Saturday, 04 de January de 2025 ISSN 1519-7670 - Ano 25 - nº 1319

Câmara aprova controversa lei de mídia

A Câmara dos Deputados argentina aprovou, na quinta-feira (17/9), o Projeto de Serviços Audiovisuais, controversa lei para o setor de mídia proposta pela presidente Cristina Kirchner. A aprovação da legislação ocorre em meio a disputas entre o governo federal e o conglomerado Clarín, um dos maiores grupos de mídia da América Latina. Cristina afirma que seu único objetivo é tirar de circulação a lei de mídia do período militar e implantar um novo cenário regulatório no país. Ela afirma que a reforma irá aumentar a competição entre as empresas de mídia, permitindo a entrada de grupos menores na disputa por concessões de freqüências de rádio e TV e restringindo o número de licenças concedidas às companhias que hoje dominam o mercado argentino.

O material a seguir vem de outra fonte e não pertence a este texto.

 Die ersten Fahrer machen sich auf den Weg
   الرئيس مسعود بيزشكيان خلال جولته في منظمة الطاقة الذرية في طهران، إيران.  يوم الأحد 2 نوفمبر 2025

Mais de cem deputados da oposição protestaram, durante a sessão, contra o projeto, recusando-se a votar. Os críticos questionam as intenções da presidente, e a acusam de usar a lei com motivação política. Se aprovada no Senado, a reforma deverá prejudicar bastante a atuação do Clarín, que possui canais de televisão e rádio, jornais, revistas e portais de internet em todo o país.

Guerrinha

A briga de Cristina com o carro-chefe do grupo, também intitulado Clarín, teve início em março de 2008, quando o diário criticou o governo por sua atuação na crise do setor agrícola. Desde então, o jornal é extremamente crítico à presidente. Curiosamente, ele era simpático ao presidente Nestor Kirchner, marido de Cristina e seu predecessor no cargo. Durante seu governo, Kirchner aprovou uma fusão de TV a cabo que praticamente criou um monopólio para o grupo de mídia, que hoje atinge 80% das residências na capital e cerca de 50% em nível nacional. Segundo o comentarista político Sergio Kiernan, marido e mulher entraram em um jogo que existe desde os governos militares da década de 1970. ‘Primeiro o Clarín apóia o governo, e como resultado ganha concessões econômicas e licenças; mas quando o vento político muda de rumo e o governo começa a perder apoio, o Clarín vira oposição. É algo muito lucrativo para eles’, analisa.

Para Ricardo Kirschbaum, editor do Clarín, Cristina simplesmente não suporta as críticas. O jornal já publicou diversas reportagens acusando membros do governo de enriquecimento ilícito e abuso de poder; em troca, a administração passou a adotar uma postura ofensiva com relação ao grupo. No início do mês, a presidente conseguiu que a associação de futebol argentina rompesse seu contrato de pay-per-view com a companhia e passasse a transmitir os jogos de graça em um canal do governo. Em 10/9, 200 fiscais da receita federal fizeram uma blitz nos escritórios do Clarín em Buenos Aires e Córdoba, no que foi visto como uma clara ação para intimidar o grupo.

Intervenção estatal

O novo projeto de mídia cria um órgão regulatório responsável por interpretar e aplicar a lei. Muitas das críticas dentro do próprio Congresso dizem respeito ao alto envolvimento da presidência na escolha dos sete membros do conselho do órgão. A legislação atinge em cheio o Grupo Clarín ao limitar número de licenças de rádio e televisão permitidos por empresa.

Kiernan afirma que todo o debate em torno do projeto mostra que, apesar das dúvidas sobre a motivação da presidente, o país ganhará uma lei atualizada e necessária. ‘Nós vamos, provavelmente, nos livrar do monopólio na nossa mídia’, diz. ‘E deveremos ter também mais intervenções do Estado’. Poucos dias antes da votação na Câmara, Cristina fez uma concessão: removeu uma cláusula que permitiria que as companhias telefônicas vendessem pacotes de TV e internet enquanto limitava a atuação de empresas de TV a cabo – na grande maioria dominadas pelo Clarín – a não mais de um terço dos lares argentinos. ‘O Clarín não vai ganhar exatamente o que quer; o governo também não’, resume Kiernan. Informações de Candace Piette [BBC News, 19/9/09].